Extracted data entries:
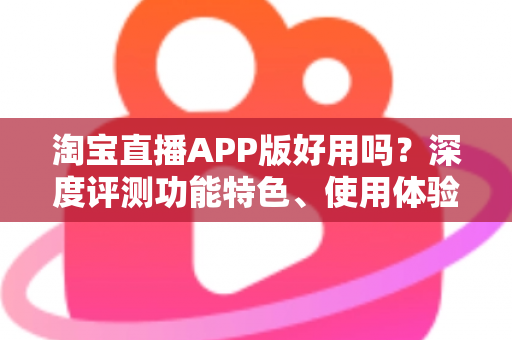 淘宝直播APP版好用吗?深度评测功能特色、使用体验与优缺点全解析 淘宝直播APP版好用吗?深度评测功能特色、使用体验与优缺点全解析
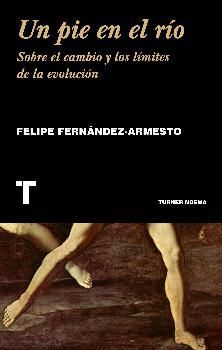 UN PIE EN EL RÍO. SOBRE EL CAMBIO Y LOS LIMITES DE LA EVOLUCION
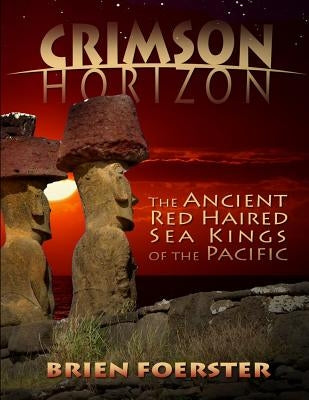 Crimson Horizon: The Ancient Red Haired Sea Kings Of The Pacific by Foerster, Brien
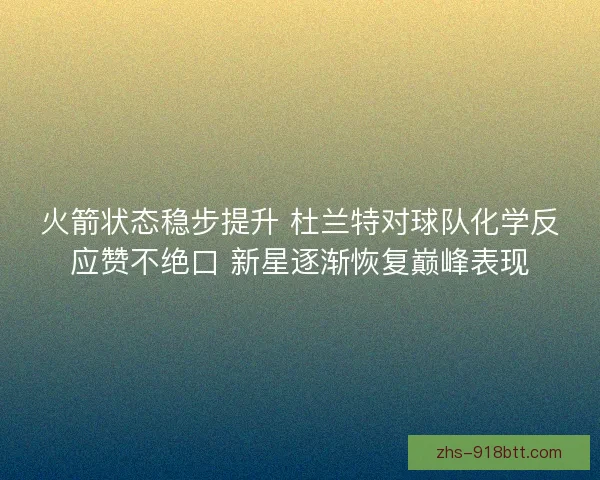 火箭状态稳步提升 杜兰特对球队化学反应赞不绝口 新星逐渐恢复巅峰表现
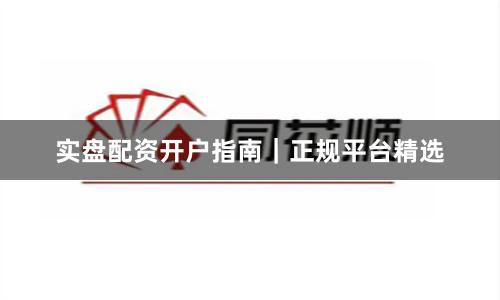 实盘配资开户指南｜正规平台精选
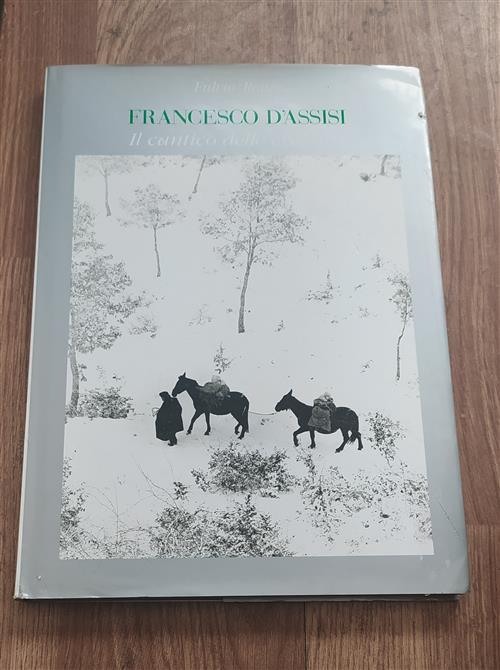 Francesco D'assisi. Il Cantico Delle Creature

* WHAT YOU HAVE TO DO: Repeat the data exactly. Pictures should not appear.

* PROBLEM SOLUTION:
 淘宝直播APP版好用吗?深度评测功能特色、使用体验与优缺点全解析 淘宝直播APP版好用吗?深度评测功能特色、使用体验与优缺点全解析
 UN PIE EN EL RÍO. SOBRE EL CAMBIO Y LOS LIMITES DE LA EVOLUCION
 Crimson Horizon: The Ancient Red Haired Sea Kings Of The Pacific by Foerster, Brien
 火箭状态稳步提升 杜兰特对球队化学反应赞不绝口 新星逐渐恢复巅峰表现
 实盘配资开户指南｜正规平台精选
 Francesco D'assisi. Il Cantico Delle Creature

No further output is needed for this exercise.